# Me ha tocado (tocarle a uno hacer algo / tocar)



## bboop8

hola,
que significa en francés "ya no me a tocado verla conectada  
"?

Gracias


----------



## Domtom

bboop8 said:


> ¿Cómo sería en francés "ya no me ha tocado verla conectada"?


 
Creo que "Je n'ai pas eu la chance de..."


----------



## Gévy

Bonjour:

Oui, la proposition de Domtom est très bien.

Tu peux dire aussi: Je n'ai plus réussi à... / Après, plus moyen de...

Bisous,

Gévy


----------



## moi_mamimi

Nueva pregunta
Hilos unidos
​
Bonjour! 

Je me demande quelel serait l'expresion corecte en franças pour dire "me ha tocado quedarme hasta las 3 en el trabajo" ou "me ha tocado ser el príncipe en la obra de teatro" comme idée de contrainte.

Merci et à très bientôt


----------



## Pohana

moi_mamimi said:


> ... Je me demande quelel quelle serait l'expre*s*sion cor*r*ecte en frança*i*s pour dire "me ha tocado quedarme hasta las 3 en el trabajo" ou "me ha tocado ser el príncipe en la obra de teatro" ...


_J'ai dû travailler jusqu'à NN hrs_.
_Il m'a fallu_ ....


----------



## chlapec

Bonjour moi_mamimi,
avant tout, il faut faire attention à ce genre d'expressions, puisque parfois une expression peut avoir différentes interprétations selon le contexte et cela fait que, souvent, quand on fait la traduction, on doit employer une expression différente dans la langue d'arrivée. Dans ce cas, dans la première phrase, "me ha tocado" semble exprimer que, à cause de certaines cinconstances probablement inattendues, il a fallu que tu restes au bureau plus longtemps que d'habitude. Dans la deuxième phrase, on parle de l'assignation d'un rôle concret sans que la personne désignée ait pu donner son avis à propos de cela. On voit clairement que le sense de "me ha tocado" n'est pas le même, et il est fort probable que la traduction soit différente dans chaque cas. En fait, je proposerait (par exemple), pour la première: "aujourd'hui, il m'est arrivé de devoir rester au bureau jusqu'à trois heures du matin"; et pour la seconde: "on m'a assigné le rôle du prince..." ou "c'est à moi qu'est revenu le rôle du prince". Il y en a sans doute beaucoup d'autres (comme celles proposées par Pohana).
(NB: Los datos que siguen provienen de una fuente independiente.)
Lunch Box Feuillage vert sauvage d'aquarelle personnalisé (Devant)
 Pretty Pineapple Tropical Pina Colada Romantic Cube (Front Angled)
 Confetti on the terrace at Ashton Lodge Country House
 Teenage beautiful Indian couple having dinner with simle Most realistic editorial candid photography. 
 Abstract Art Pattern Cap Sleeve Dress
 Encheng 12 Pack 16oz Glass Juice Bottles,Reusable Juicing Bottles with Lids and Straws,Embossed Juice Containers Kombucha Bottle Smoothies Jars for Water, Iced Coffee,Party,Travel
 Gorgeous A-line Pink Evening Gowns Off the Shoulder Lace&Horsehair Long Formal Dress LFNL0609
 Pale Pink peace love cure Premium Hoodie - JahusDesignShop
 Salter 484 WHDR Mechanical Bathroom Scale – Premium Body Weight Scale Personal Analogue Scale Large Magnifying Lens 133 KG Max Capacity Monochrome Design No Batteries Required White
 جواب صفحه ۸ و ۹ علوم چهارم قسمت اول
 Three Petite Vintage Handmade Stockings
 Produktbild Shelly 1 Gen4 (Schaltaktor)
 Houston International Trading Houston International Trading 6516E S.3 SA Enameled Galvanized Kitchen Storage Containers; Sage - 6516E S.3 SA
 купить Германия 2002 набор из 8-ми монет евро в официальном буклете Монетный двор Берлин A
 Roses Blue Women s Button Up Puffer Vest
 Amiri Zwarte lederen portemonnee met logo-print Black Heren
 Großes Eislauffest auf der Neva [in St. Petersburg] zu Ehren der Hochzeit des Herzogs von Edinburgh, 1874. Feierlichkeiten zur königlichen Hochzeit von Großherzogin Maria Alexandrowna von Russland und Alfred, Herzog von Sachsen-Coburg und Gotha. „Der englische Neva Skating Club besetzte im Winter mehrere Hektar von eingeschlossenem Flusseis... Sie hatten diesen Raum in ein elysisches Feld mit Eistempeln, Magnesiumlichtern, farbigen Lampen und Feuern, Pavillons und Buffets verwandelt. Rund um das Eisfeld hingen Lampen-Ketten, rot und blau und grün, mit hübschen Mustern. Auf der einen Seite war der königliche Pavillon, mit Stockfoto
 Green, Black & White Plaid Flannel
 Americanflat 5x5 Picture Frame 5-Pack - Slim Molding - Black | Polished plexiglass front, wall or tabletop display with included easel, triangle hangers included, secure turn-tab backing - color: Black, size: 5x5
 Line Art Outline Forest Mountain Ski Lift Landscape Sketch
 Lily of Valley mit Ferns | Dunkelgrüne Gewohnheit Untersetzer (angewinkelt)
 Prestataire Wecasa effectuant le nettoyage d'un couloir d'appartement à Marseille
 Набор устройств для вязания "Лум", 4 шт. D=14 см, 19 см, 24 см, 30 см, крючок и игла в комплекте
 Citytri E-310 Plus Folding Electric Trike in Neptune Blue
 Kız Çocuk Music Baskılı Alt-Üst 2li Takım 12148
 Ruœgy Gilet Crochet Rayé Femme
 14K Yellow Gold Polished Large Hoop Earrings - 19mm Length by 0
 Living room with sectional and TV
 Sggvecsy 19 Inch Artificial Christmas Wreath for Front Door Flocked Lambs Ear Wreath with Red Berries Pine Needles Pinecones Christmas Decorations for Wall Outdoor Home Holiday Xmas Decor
Il serait intéressant de recevoir les apports des francophones, qui nous donneront des exemples "plus français".


----------



## papagayo

Mi amiga colombiana dice: "ahora me toca limpiar los platos" = j'ai à faire la vaisselle maintenant. 
Non pas "c'est à mon tour" ou "j'ai la chance" , "je n'ai pas eu l'occasion"............
Cordiamente


----------



## Nanon

* _J'ai la chance_, sûrement pas, surtout quand il s'agit de faire la vaisselle . _Il faut que je fasse la vaisselle maintenant_ sonne quand même plus naturel, non ? Le contexte change tout, comme l'a dit chlapec ci-dessus...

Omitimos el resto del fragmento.